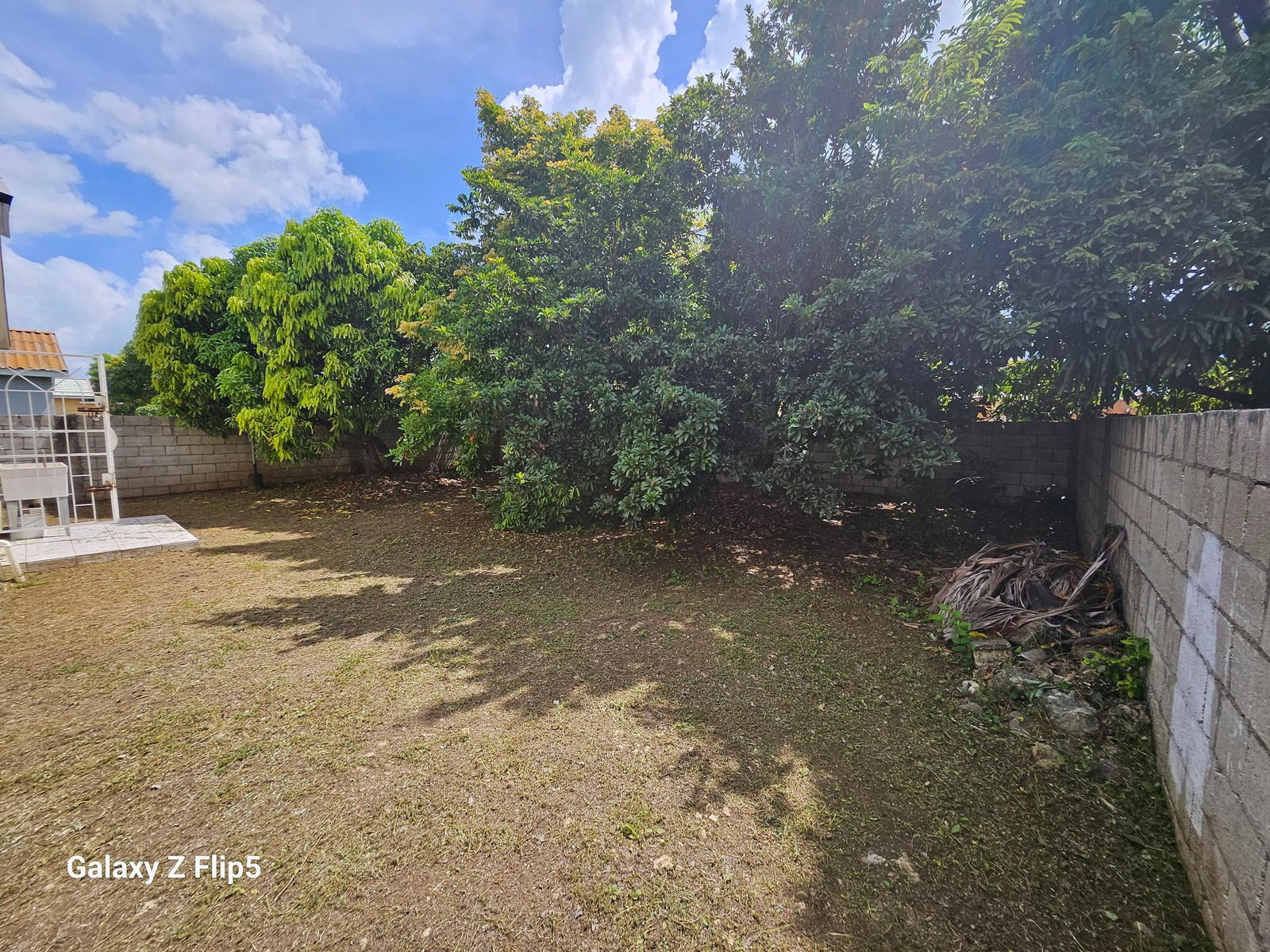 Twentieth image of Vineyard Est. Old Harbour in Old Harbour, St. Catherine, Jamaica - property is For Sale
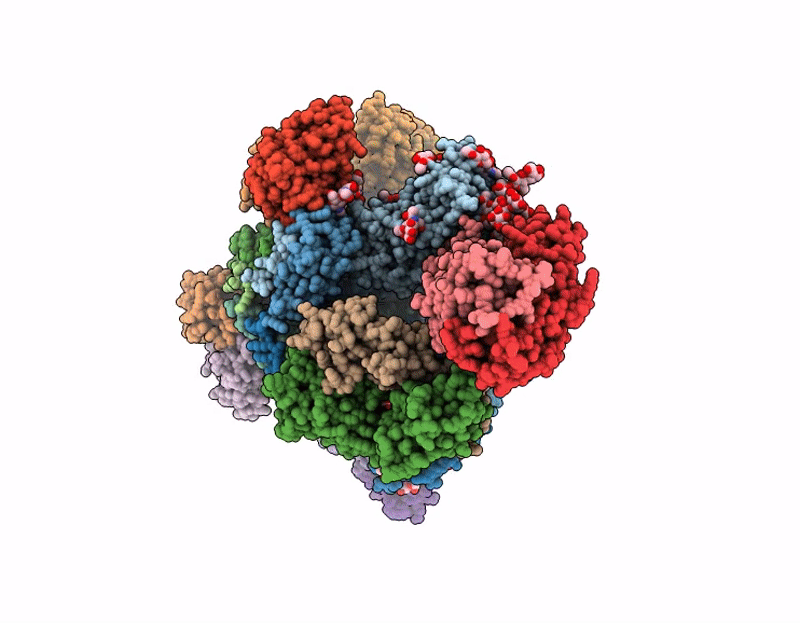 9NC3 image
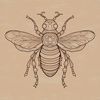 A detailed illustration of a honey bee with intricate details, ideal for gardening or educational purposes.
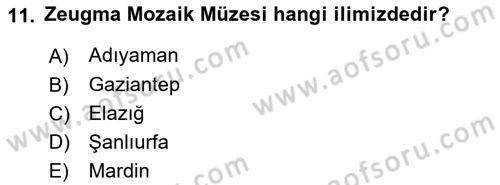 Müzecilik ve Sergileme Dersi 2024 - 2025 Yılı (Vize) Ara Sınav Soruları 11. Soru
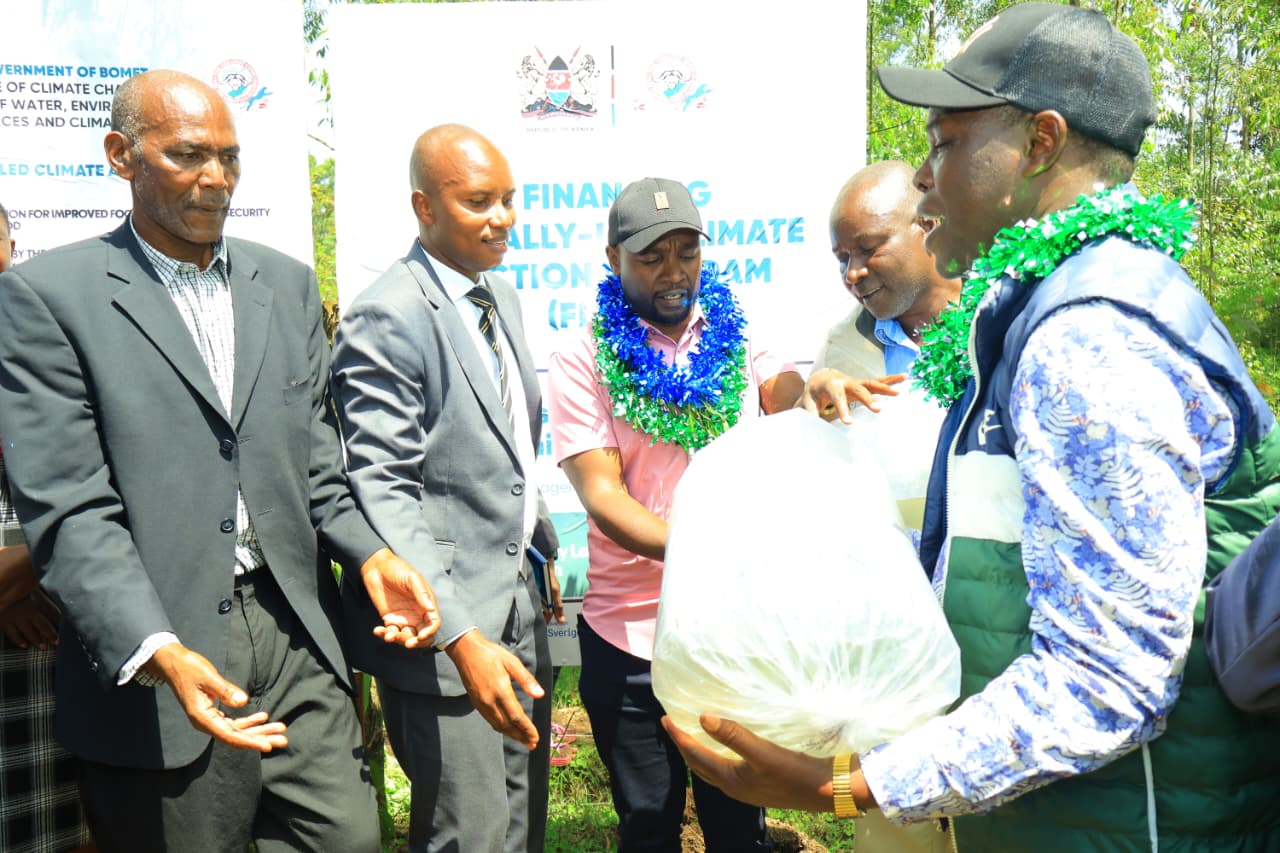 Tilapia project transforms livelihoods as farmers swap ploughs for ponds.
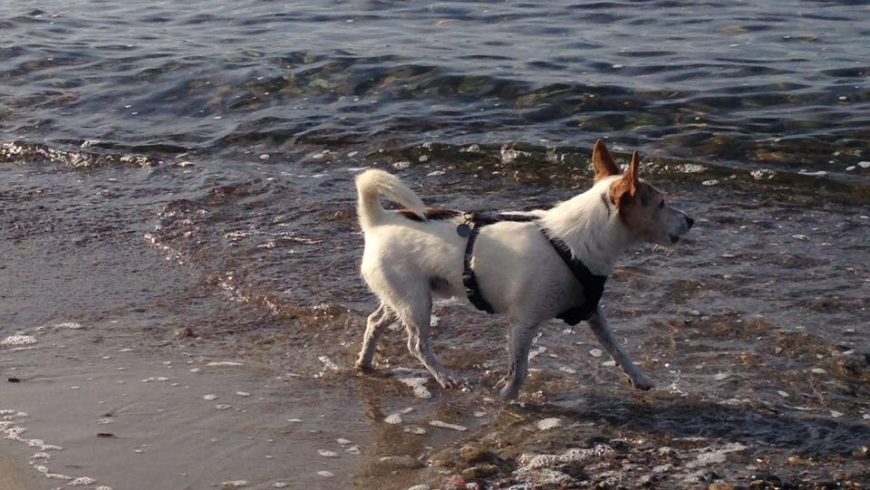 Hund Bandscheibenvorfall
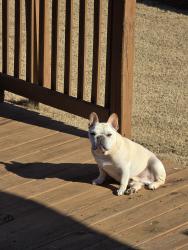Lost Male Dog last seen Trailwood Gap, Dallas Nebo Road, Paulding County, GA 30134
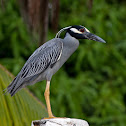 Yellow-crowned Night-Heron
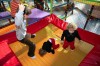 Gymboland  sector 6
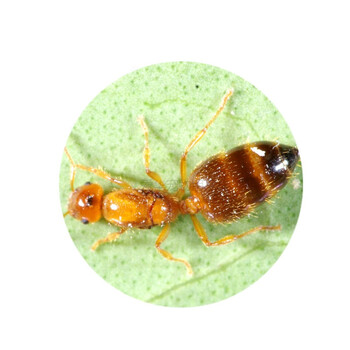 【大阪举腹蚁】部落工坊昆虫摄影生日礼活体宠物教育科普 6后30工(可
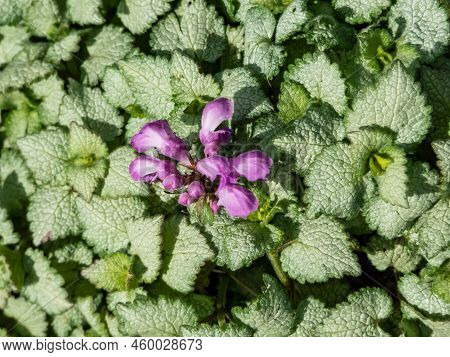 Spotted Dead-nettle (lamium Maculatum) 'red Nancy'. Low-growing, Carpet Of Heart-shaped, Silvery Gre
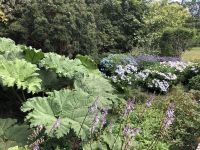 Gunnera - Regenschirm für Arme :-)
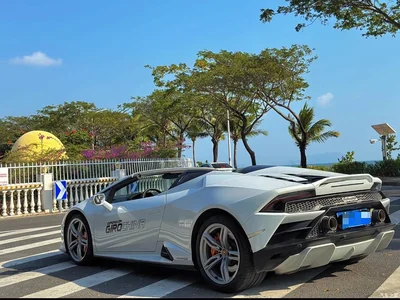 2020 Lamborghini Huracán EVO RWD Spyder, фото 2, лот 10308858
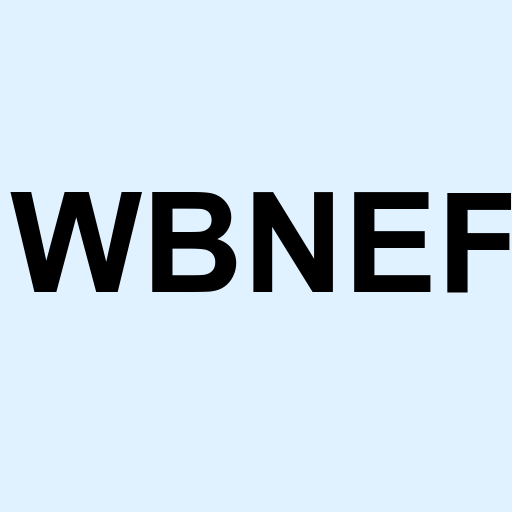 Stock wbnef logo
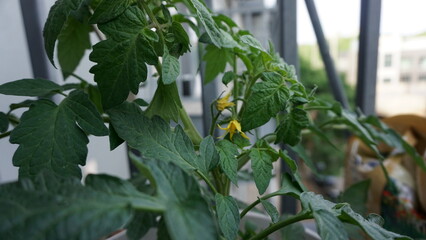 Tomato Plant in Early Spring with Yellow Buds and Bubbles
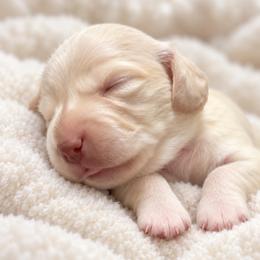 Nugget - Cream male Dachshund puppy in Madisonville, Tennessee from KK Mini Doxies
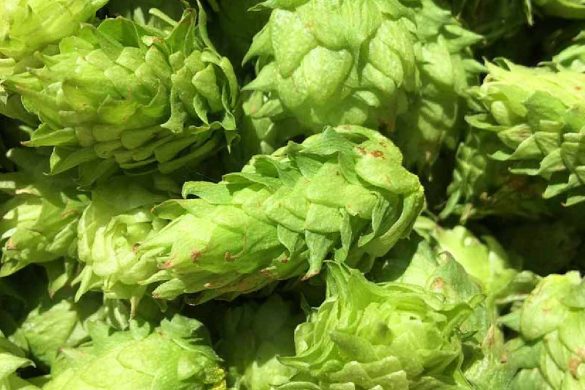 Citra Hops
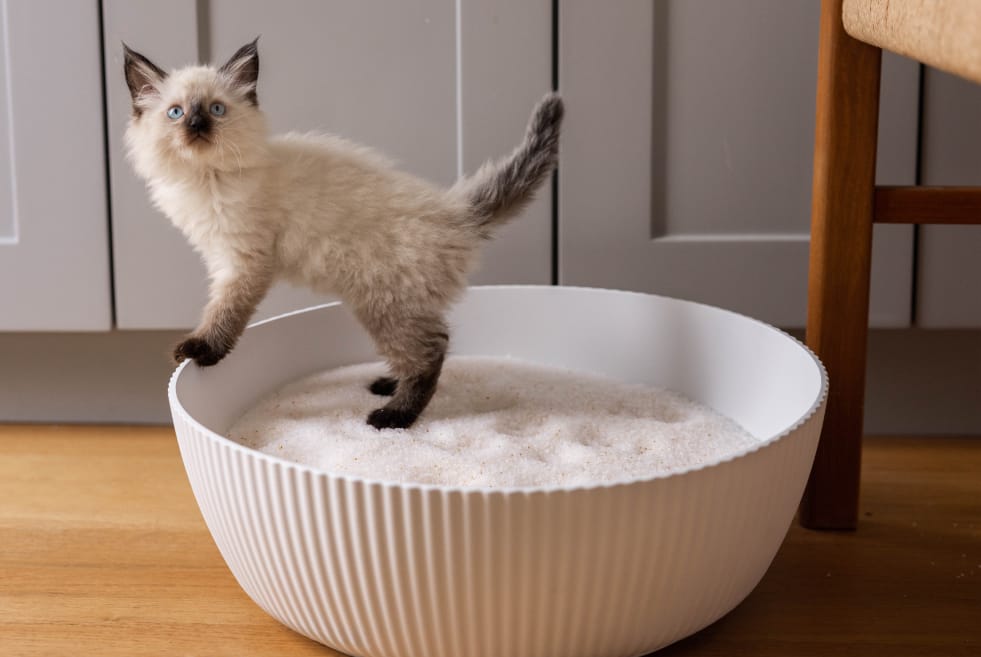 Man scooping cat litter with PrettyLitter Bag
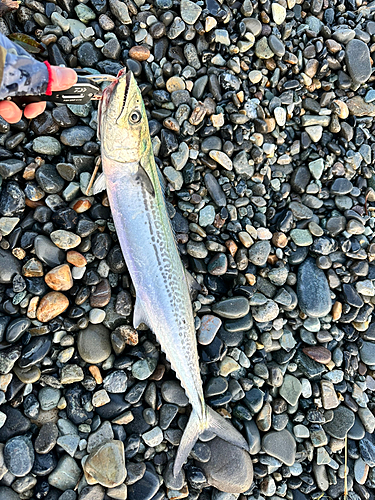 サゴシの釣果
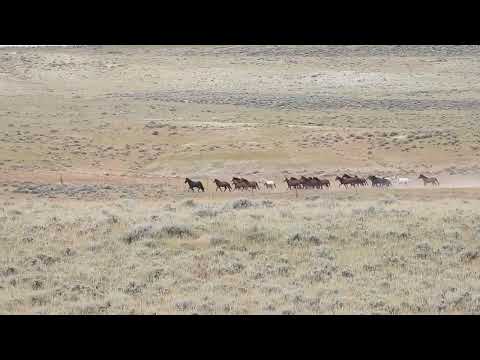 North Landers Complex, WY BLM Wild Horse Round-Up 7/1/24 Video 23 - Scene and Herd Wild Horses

**Work instruction:** All the lines above are to be reproduced exactly, except the pictures.

**Answer box:**
 Twentieth image of Vineyard Est. Old Harbour in Old Harbour, St. Catherine, Jamaica - property is For Sale
 9NC3 image
 A detailed illustration of a honey bee with intricate details, ideal for gardening or educational purposes.
 Müzecilik ve Sergileme Dersi 2024 - 2025 Yılı (Vize) Ara Sınav Soruları 11. Soru
 Tilapia project transforms livelihoods as farmers swap ploughs for ponds.
 Hund Bandscheibenvorfall
Lost Male Dog last seen Trailwood Gap, Dallas Nebo Road, Paulding County, GA 30134
 Yellow-crowned Night-Heron
 Gymboland  sector 6
 【大阪举腹蚁】部落工坊昆虫摄影生日礼活体宠物教育科普 6后30工(可
 Spotted Dead-nettle (lamium Maculatum) 'red Nancy'. Low-growing, Carpet Of Heart-shaped, Silvery Gre
 Gunnera - Regenschirm für Arme :-)
 2020 Lamborghini Huracán EVO RWD Spyder, фото 2, лот 10308858
 Stock wbnef logo
 Tomato Plant in Early Spring with Yellow Buds and Bubbles
 Nugget - Cream male Dachshund puppy in Madisonville, Tennessee from KK Mini Doxies
 Citra Hops
 Man scooping cat litter with PrettyLitter Bag
 サゴシの釣果
 North Landers Complex, WY BLM Wild Horse Round-Up 7/1/24 Video 23 - Scene and Herd Wild Horses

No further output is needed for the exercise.